Dr Kennedy said: "The figures that we're seeing are confirming what we've always suspected and how it feels for our members in Highland is that it almost feels like a knife has been twisted.

"Not only are we being moved in the direction of a salaried-type contract that none of us want, but furthermore we're now discovering that resources would appear to be getting diverted from our members in Highland towards more affluent urban practices in the Central Belt.

"My members are increasingly angry, disillusioned and disappointed, and feel completely betrayed."

It comes after the Herald revealed an analysis of the new contract's workload-based funding allocation formula by Oban GP, Dr Erik Jespersen. Dr Jespersen said it would mean only 68 per cent of GP partners in Scotland will share in a £23.2 million taxpayer-funded windfall, while the rest - largely in rural Scotland and some working in Scotland's most deprived practices - would get nothing.

Analysis: Row over new GP contract highlights benefits and pitfalls of independent contractor model

The uplift equates to a 10.2 per cent hike per partner – or £10,239 based on an average full-time partner salary of £100,000. Dr Jespersen also warned that "a majority" of GP partners will put the cash towards a personal salary hike, rather than investing it in their practices.

The BMA dispute Dr Jespersen's calculations, but Dr Jespersen said it was the most accurate estimate possible based on the most recent workforce data for Scotland. His view has been corroborated by several healthcare statisticians.

A vote on whether to accept the new contract will take place on January 18 at a meeting of the Scottish GP Committee, whose 40 members have the final say. It follows a national ballot of GPs, which closed on January 4.

Read more: Highland GPs call for regional breakdown of contract vote

Dr Kennedy wrote to Health Secretary Shona Robison and the BMA before Christmas asking that a regional breakdown of the poll results be shared with SGPC members before they vote, amid fears that the contract is creating a bitter split in the profession. He said he was "confident" this would be agreed to on Thursday.

Meanwhile, Conservative shadow health secretary Miles Briggs, said the contract should not antagonise other NHS workers facing far lower pay rises. He added: “Ministers have to be careful other parts of the NHS don’t feel left behind or under-valued as a result.

Labour shadow secretary for health, Anas Sarwar, added: "GPs have been let down throughout the SNP’s decade in power, with a GP crisis created by years of falling funding for primary care.
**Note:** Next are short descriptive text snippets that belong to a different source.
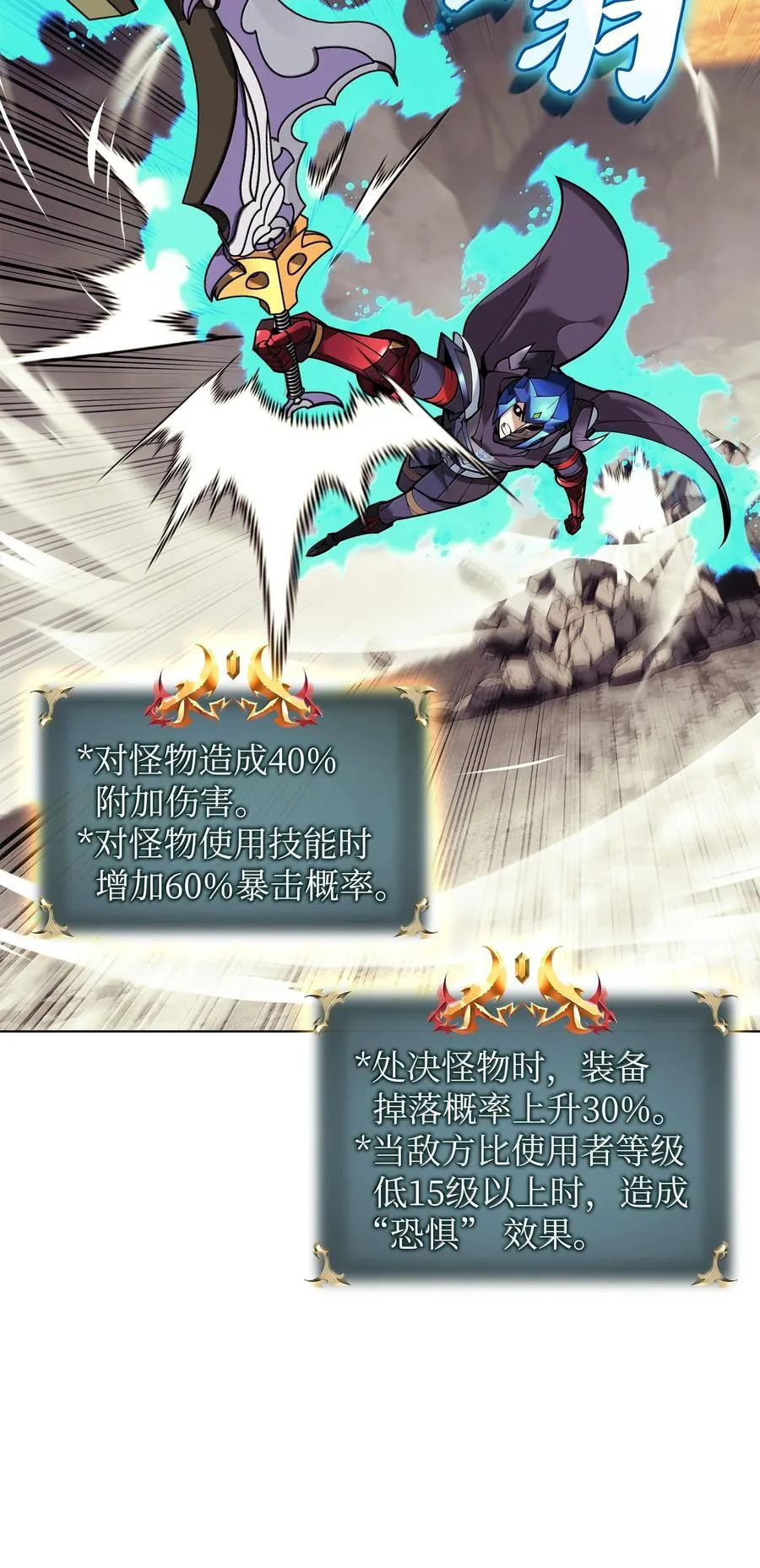 220 扔给蠢货的挑战书33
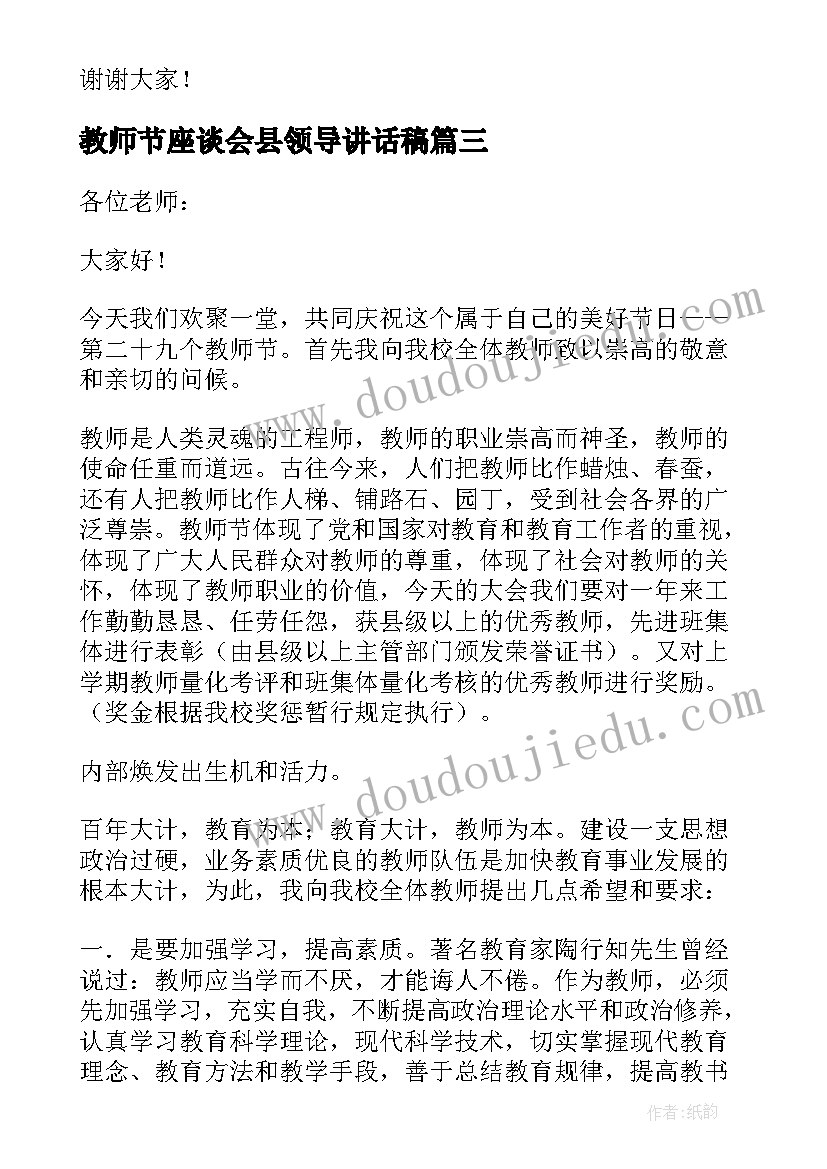 教师节座谈会县领导讲话稿(通用11篇)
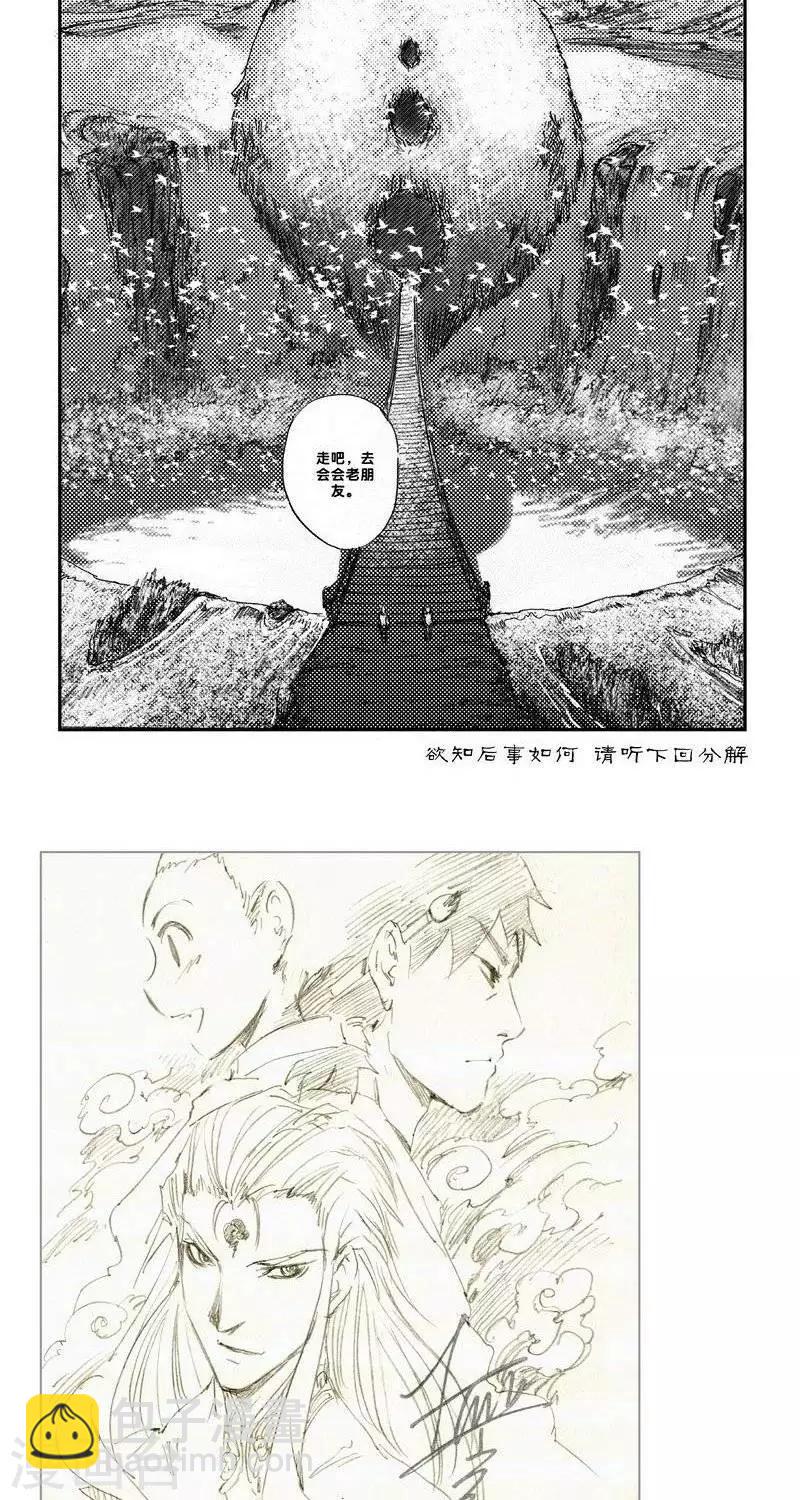 第10话 山海卷贰 大泽-第10话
"We know that up to a third of GP practices are reporting a vacancy, piling even more pressure on existing staff. Any new money must go on not just attracting more GPs, but also providing resources to bring in auxiliary support, such as advanced specialist nurses and physiotherapists, to increase capacity.”

Dr Alan McDevitt, chair BMA Scotland’s GP Committee, said: “If implemented, the changes to the workload formula will address the situation that currently sees many GP practices underfunded for the amount of work that they carry out, particularly in relation to elderly patients and those in deprived areas.

"This underfunding impacts on the level of service that practices are able to provide to their patients and in a number of cases has contributed to practices handing back their contract to the health board.

“The proposed contract will ensure that every practice in Scotland has their finances protected, while providing more financial support to those practices with under-resourced higher workloads."

A spokesman for the Scottish Government said: “From April there will be additional investment of £23 million to support the introduction of the new workload formula, and the practice income guarantee. As the BMA themselves have set out, this means that no practice will see a reduction in funding under the new contract.

"Following the outcome of discussions on pay and expenses for 2018-19, we are likely to see funding for every practice in Scotland increase."